[Opening SUPPLIED RECORDS section]
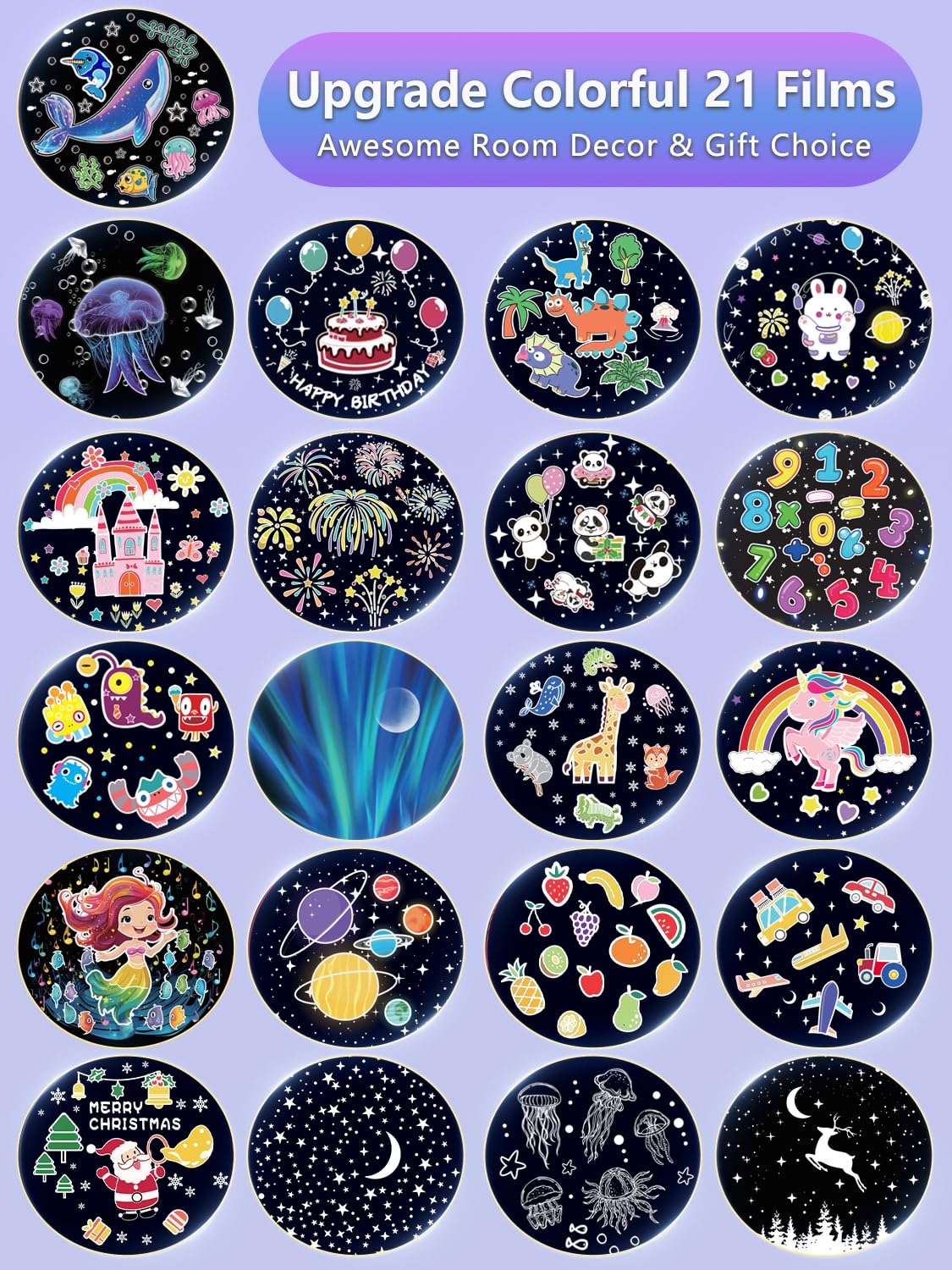 21 Sets of Films, Projector Night Light for Kids Bedroom, Ceiling, Kids Night Light Projector, Star Galaxy Projector with 360° Rotation Dimmable for Girls, Birthday, Christmas, Nursery, Room Decor
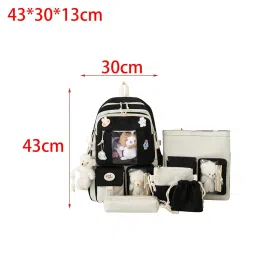 enakshi (label) 5x Women Backpack School Bag Travel Work Bag Gift Student Rucksack Casual Black|Clothing, Shoes & Accessories | Mens Accessories |Backpacks, Bags & Briefcases|1 Backpack image 3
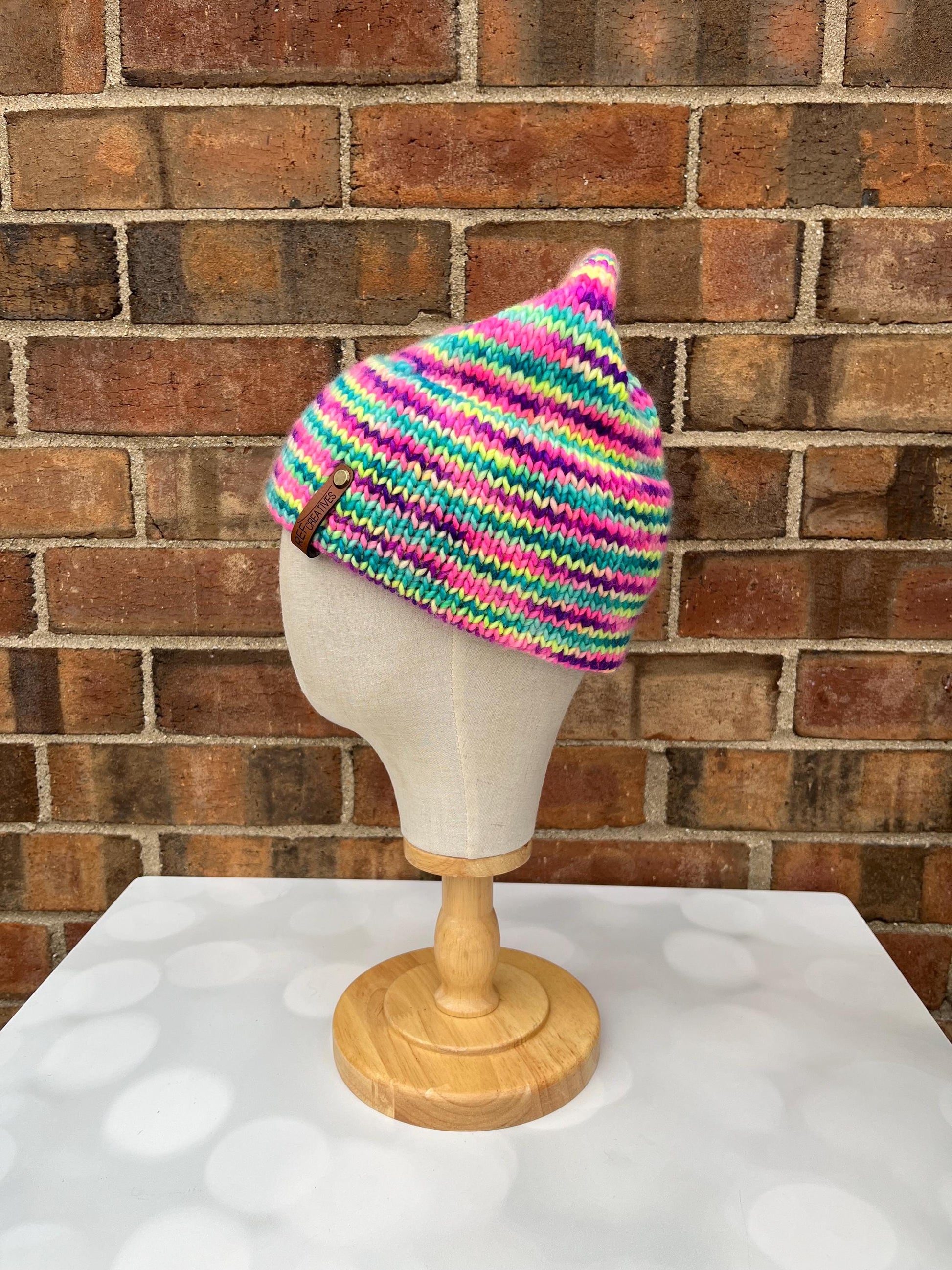 Luxury Rainbow Double Brim Merino Wool Beanie - Neon Striped Hand Knit Hat with Hand Dyed Yarn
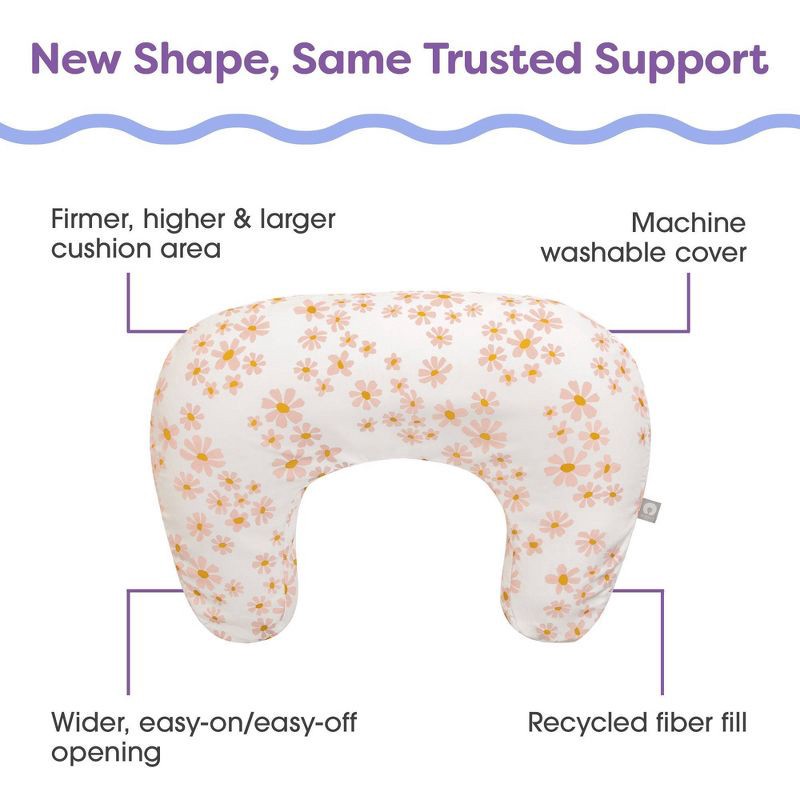 slide 4 of 10, Boppy Nursing Pillow - Soft Pink Daisies, 1 ct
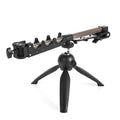 Aluminium alloy triangular ice fishing rod holder bracket supporting a small fishing rod on ice
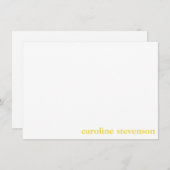 Klassieke Typografie Gepersonaliseerde Gele Volled Bedankkaart (Voorkant / Achterkant)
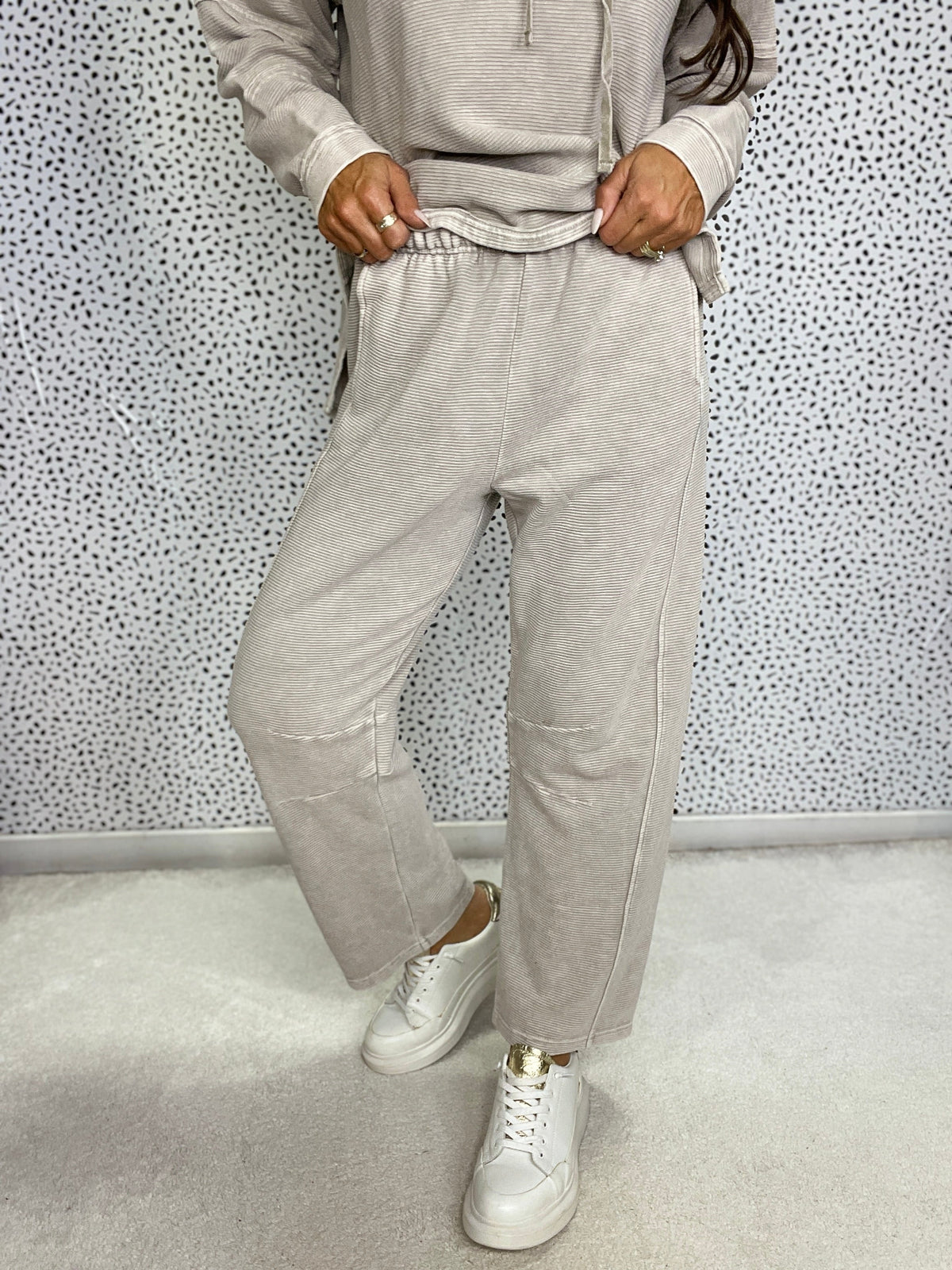 Circled Up Textured Rib Terry Pants In 2 Colors *Final Sale*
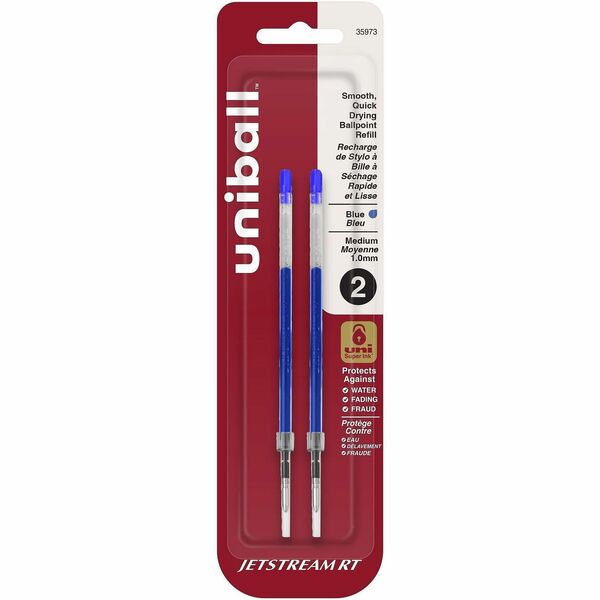 uniball Jetstream RT Ballpoint Pen Refills - uniball&#8482; Jetstream RT Ballpoint Pen Refills, Medium Point (1.0mm), Blue, 2 Pack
[Closing SUPPLIED RECORDS section]
- _PROBLEM REQUIREMENTS_:
Set down exactly the lines between the line containing "Aluminium alloy triangular" and the end of the records above, both ends included; pictures stay out.

- _TASK ANSWER_:
 Aluminium alloy triangular ice fishing rod holder bracket supporting a small fishing rod on ice
 Klassieke Typografie Gepersonaliseerde Gele Volled Bedankkaart (Voorkant / Achterkant)
 Circled Up Textured Rib Terry Pants In 2 Colors *Final Sale*
 uniball Jetstream RT Ballpoint Pen Refills - uniball&#8482; Jetstream RT Ballpoint Pen Refills, Medium Point (1.0mm), Blue, 2 Pack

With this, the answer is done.